TRY IT: Set the pictures aside and transcribe exactly the lines from the one containing "CD BILLY IDOL ESSENTIAL" through the final line of the records.

************

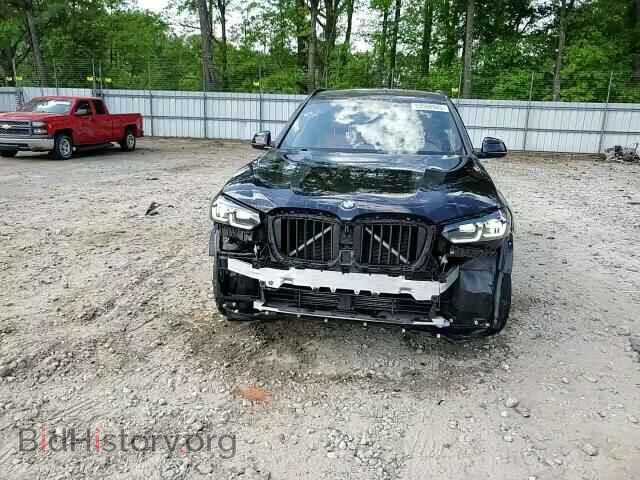 2023 BMW X3 - VIN: 5UX43DP09P9P79456 - Фото 15
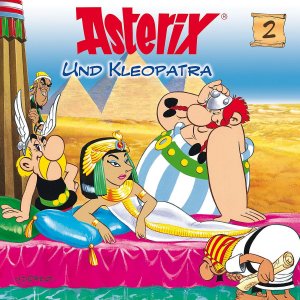 ISBN 9783899457025: Asterix 02. Asterix und Kleopatra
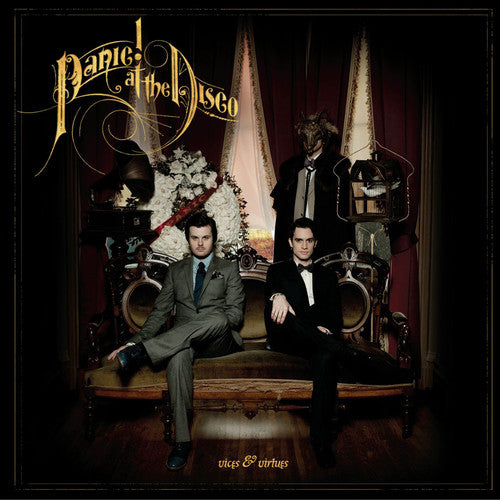 Panic At The Disco- Vices & Virtues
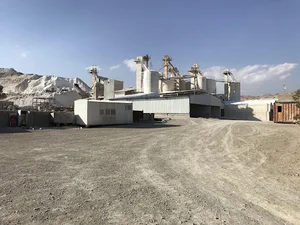 کارخانه گچ سمنان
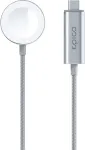 NONAME Epico USB-C Charger Apple Watch 1.2m - silver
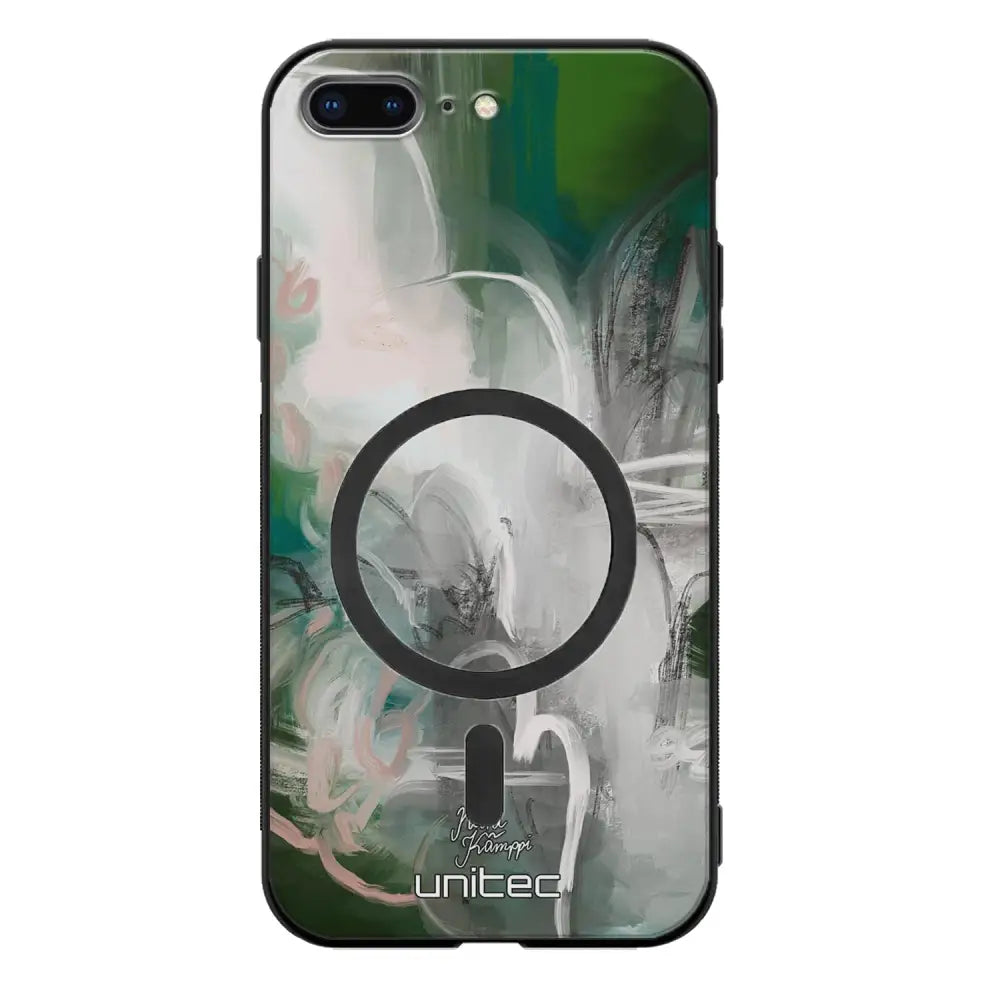 iPhone 8 Plus modern art suojakuoret - Siimes - Noora Kämppi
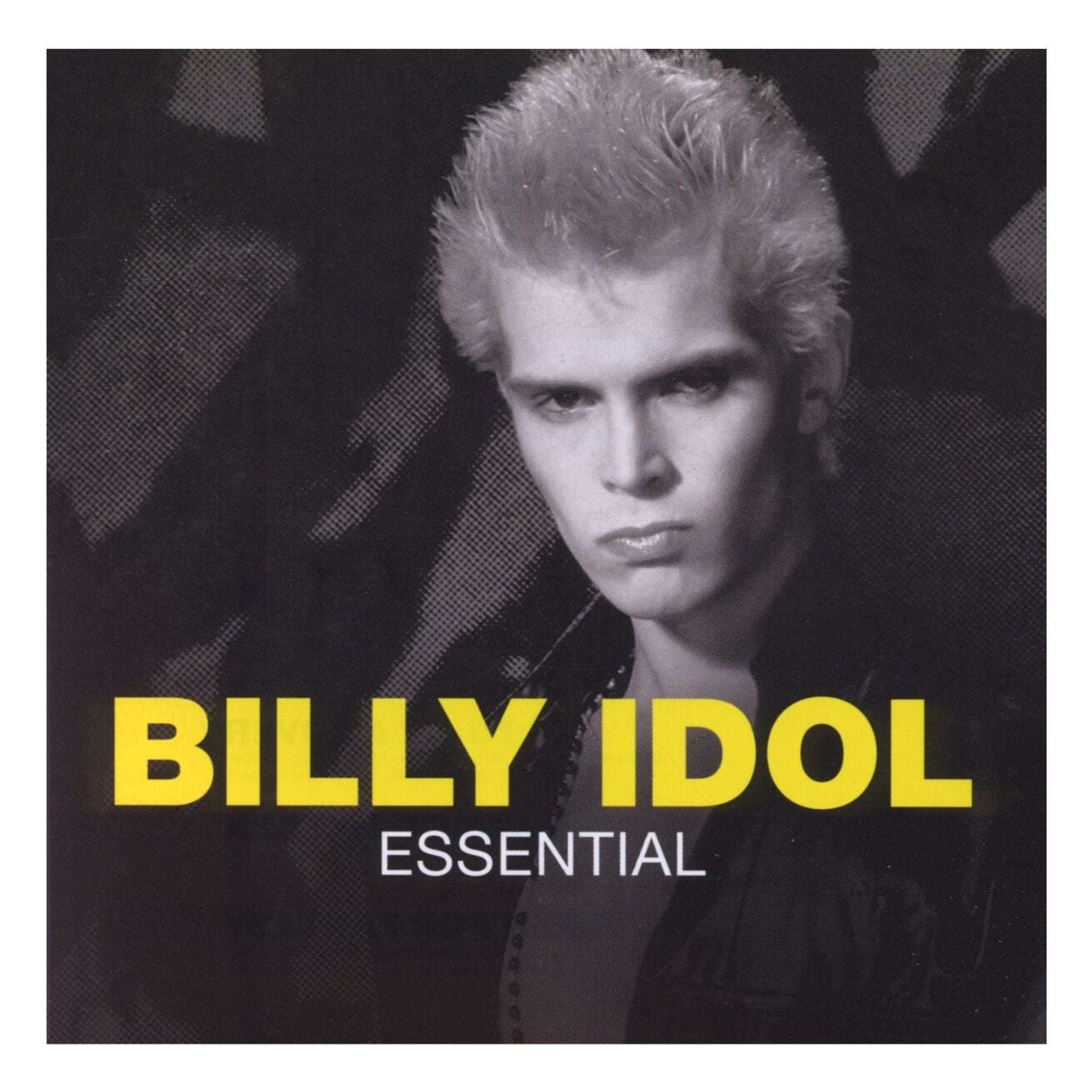 CD BILLY IDOL ESSENTIAL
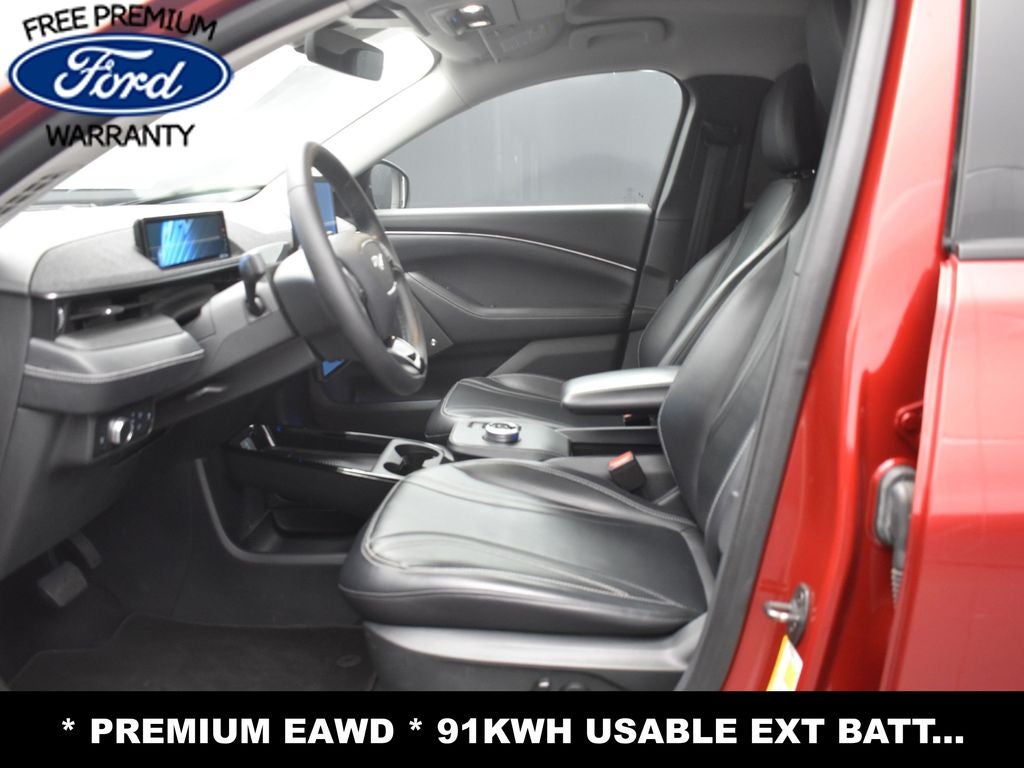 2022 Ford Mustang Mach-E Premium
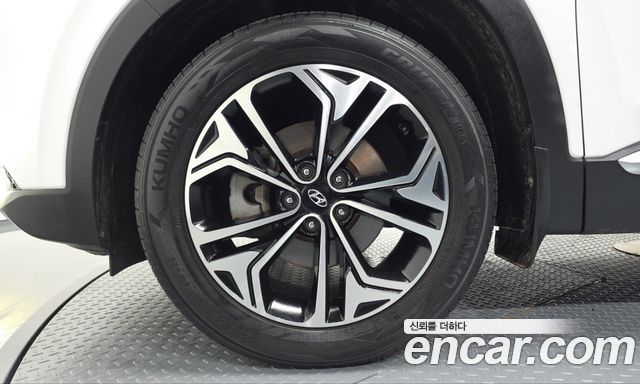 Hyundai Santafe 2020 — photo 5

************

TASK RESPONSE:
 CD BILLY IDOL ESSENTIAL
 2022 Ford Mustang Mach-E Premium
 Hyundai Santafe 2020 — photo 5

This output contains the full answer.